For this exercise, retype each line of the material below verbatim and omit any picture.

• Data segment:

=-=-=-=-=

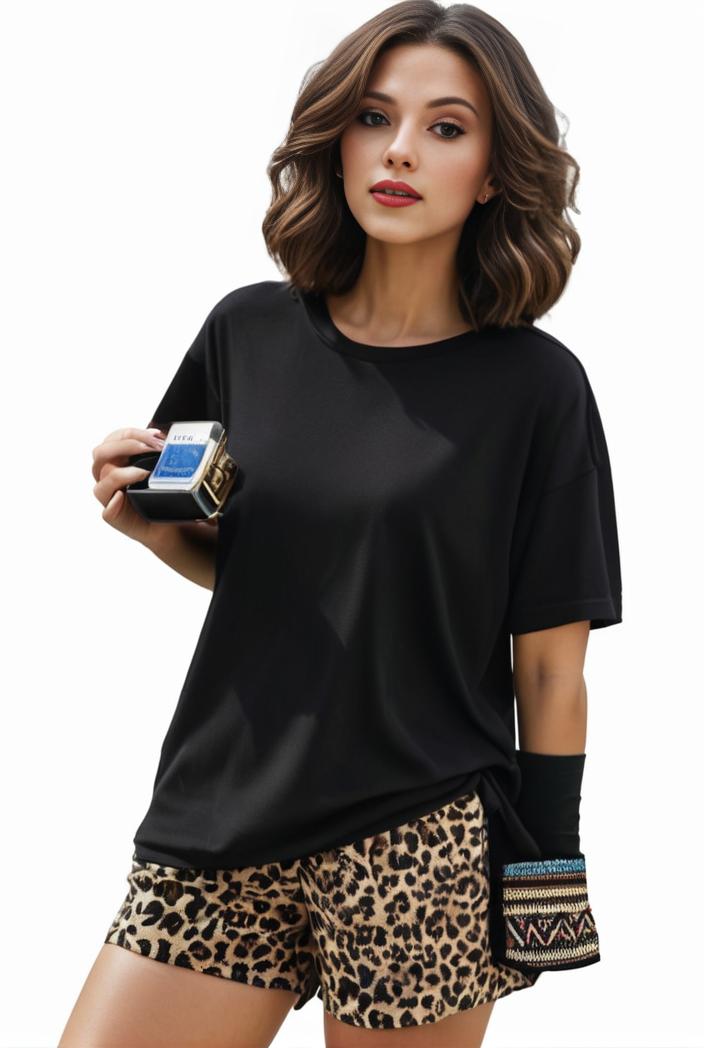 plus size casual pajama two piece set women s plus leopard heart print short sleeve tee shorts pajama 2 piece set 143971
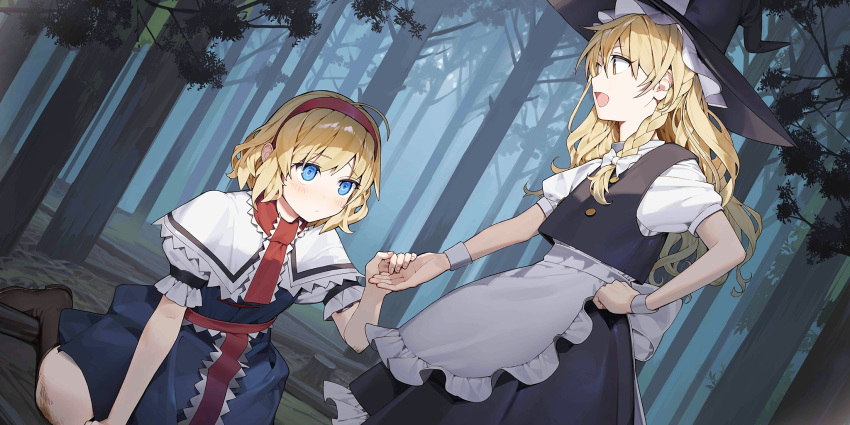 2girls :/ :d alice_margatroid apron back_bow black_headwear black_skirt black_vest blonde_hair blue_dress blue_eyes blush boots bow braid brown_footwear capelet closed_mouth dress forest hair_bow hairband hat highres holding_hands kirisame_marisa kitada_mo kneeling long_hair looking_at_another multiple_girls nature non-web_source official_art outdoors puffy_short_sleeves puffy_sleeves red_hairband red_scarf scarf second-party_source shirt short_hair short_sleeves single_braid skirt smile touhou touhou_lost_word tree vest waist_apron white_apron white_bow white_capelet white_shirt witch_hat yellow_eyes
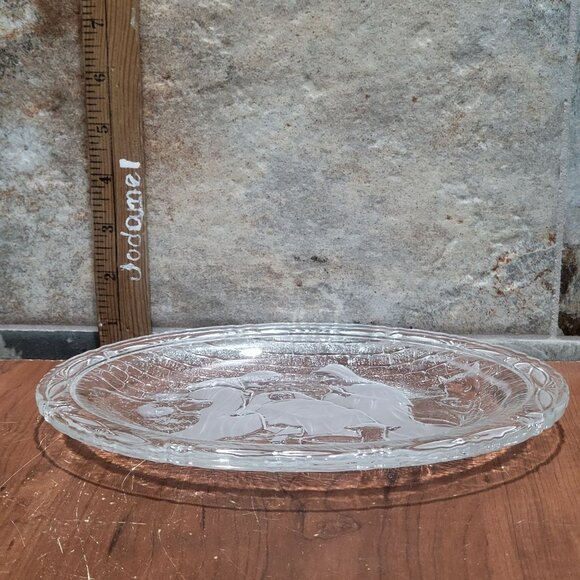 Vintage Clear Frosted Serving Dish Plaque Glass Oval Nativity Scene - Picture 8 of 11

=-=-=-=-=

• Response to the task:
 plus size casual pajama two piece set women s plus leopard heart print short sleeve tee shorts pajama 2 piece set 143971
 2girls :/ :d alice_margatroid apron back_bow black_headwear black_skirt black_vest blonde_hair blue_dress blue_eyes blush boots bow braid brown_footwear capelet closed_mouth dress forest hair_bow hairband hat highres holding_hands kirisame_marisa kitada_mo kneeling long_hair looking_at_another multiple_girls nature non-web_source official_art outdoors puffy_short_sleeves puffy_sleeves red_hairband red_scarf scarf second-party_source shirt short_hair short_sleeves single_braid skirt smile touhou touhou_lost_word tree vest waist_apron white_apron white_bow white_capelet white_shirt witch_hat yellow_eyes
 Vintage Clear Frosted Serving Dish Plaque Glass Oval Nativity Scene - Picture 8 of 11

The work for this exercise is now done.